Case Study: SSDs in AnandTech's Server Environment

For the majority of the history of AnandTech we've hosted our own server infrastructure. A benefit of running our own infrastructure is that we're able to gain a lot of hands on experience with enterprise environments that we'd otherwise have to report on from a distance.

When I first started covering SSDs four years ago I became obsessed with the idea of migrating nearly every system over to something SSD based. The first to make the switch were our CPU testbeds. Moving away from mechanical drives ensured better benchmark consistency between runs as any variation in IO load was easily absorbed by the tremendous amount of headroom that an SSD offered. The holy grail of course was migrating all of the AnandTech servers over to SSDs. Over the years our servers seem to die in the following order: hard drives, power supplies, motherboards. We tend to stay on a hardware platform until the systems start showing the signs of their age (e.g. motherboards start dying), but that's usually long enough that we encounter an annoying number of hard drive failures. A well validated SSD should have a predictable failure rate, making it an ideal candidate for an enterprise environment where downtime is quite costly and in the case of a small business, very annoying.

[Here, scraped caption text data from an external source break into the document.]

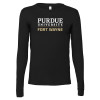 Thumbnail image for  Bella + Canvas Black Jersey Cotton Long Sleeve T Shirt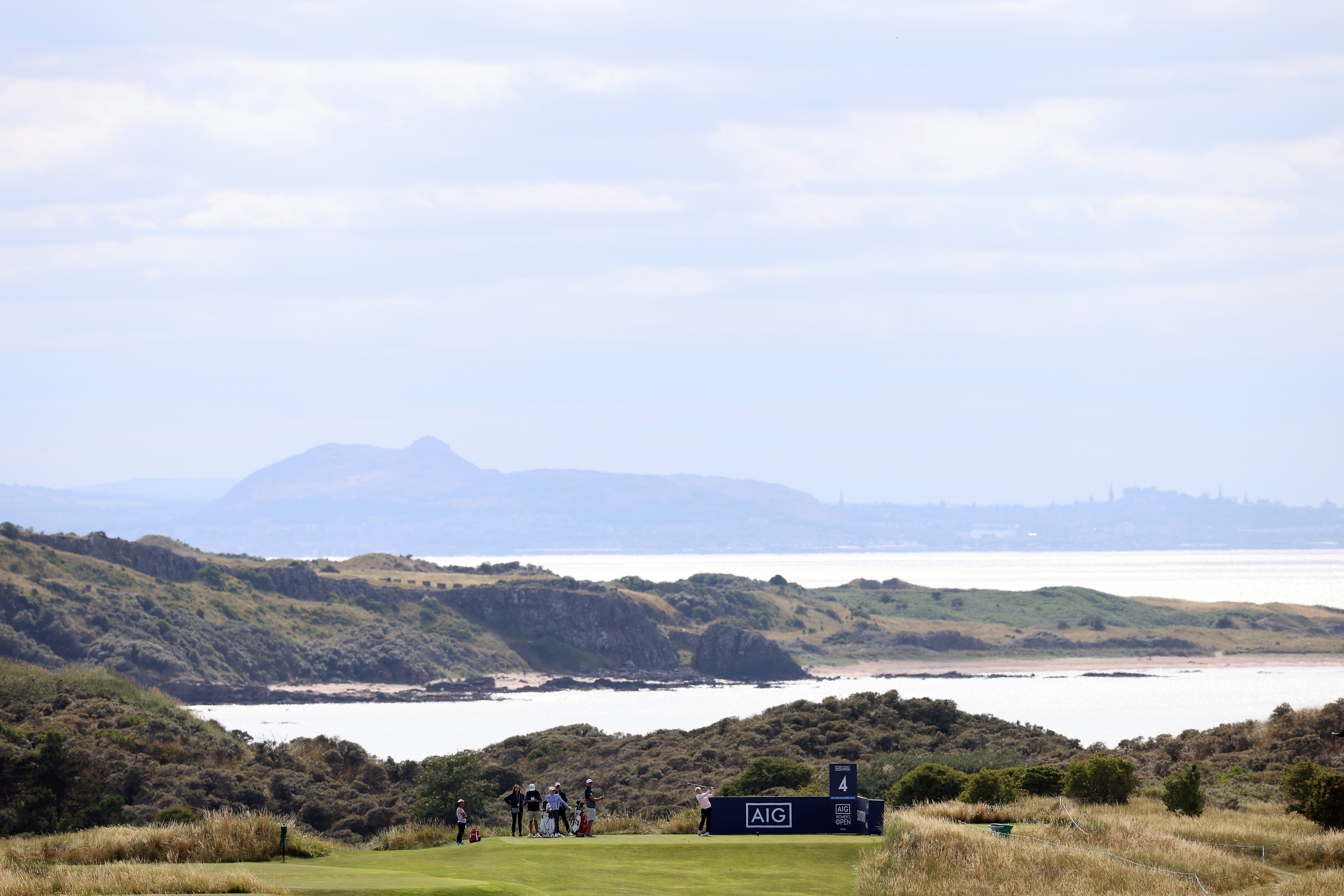 A view of the fourth tee during a practice round at the AIG Women’s Open at Muirfield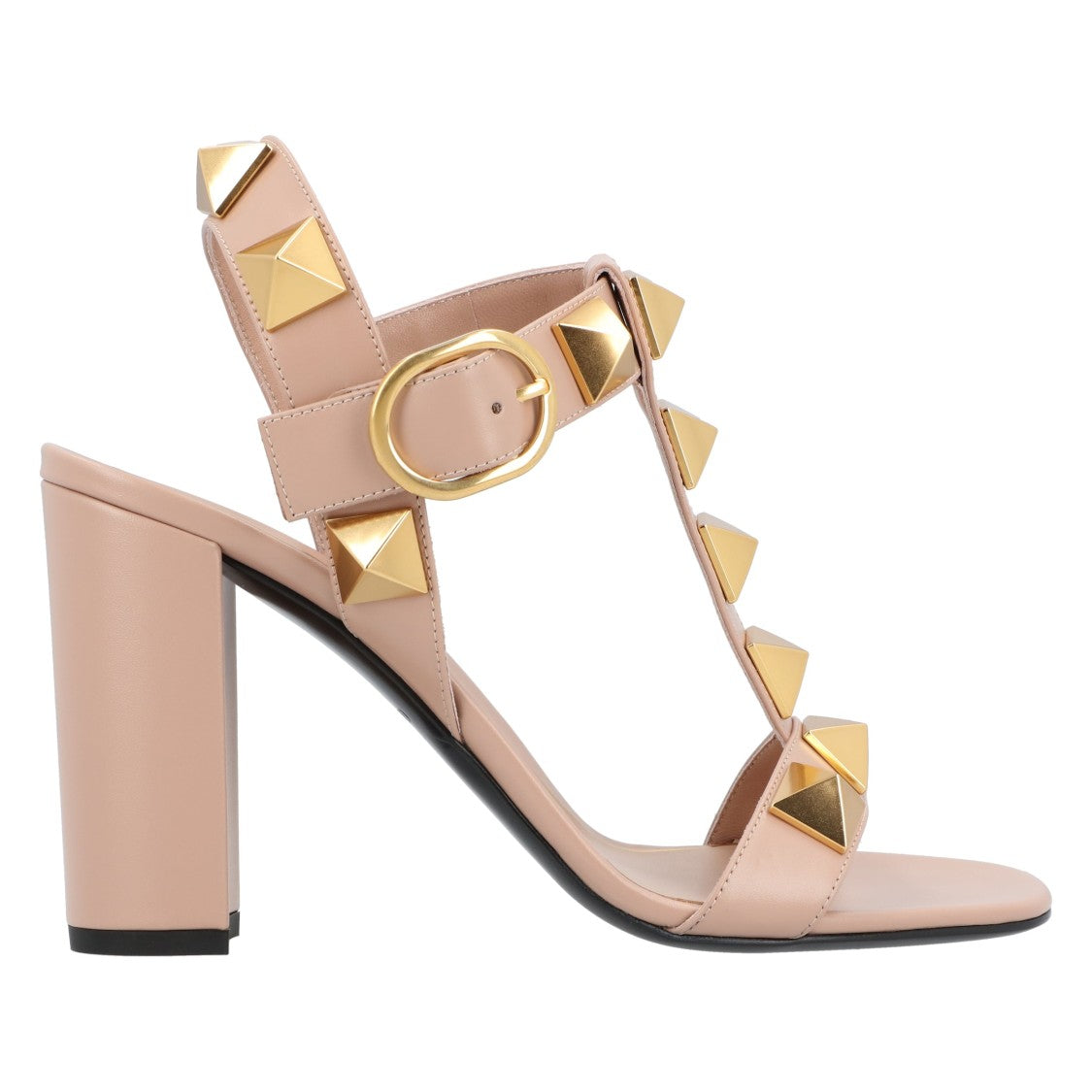 Valentino Roman Stud Sandals 90Mm Nude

Our most recent server move is a long story for a separate article but to summarize the move, we recently switched hosting providers and data centers. Our hardware was formerly on the east coast and the new datacenter is in the middle of the country. At our old host we were trying out a new cloud platform while our new home would be a mixture of a traditional back-end with a virtualized front-end. With a tight timetable for the move and no desire to deploy an easily portable solution at our old home before making the move we were faced with a difficult task: how do we physically move our servers half way across the country with minimal downtime?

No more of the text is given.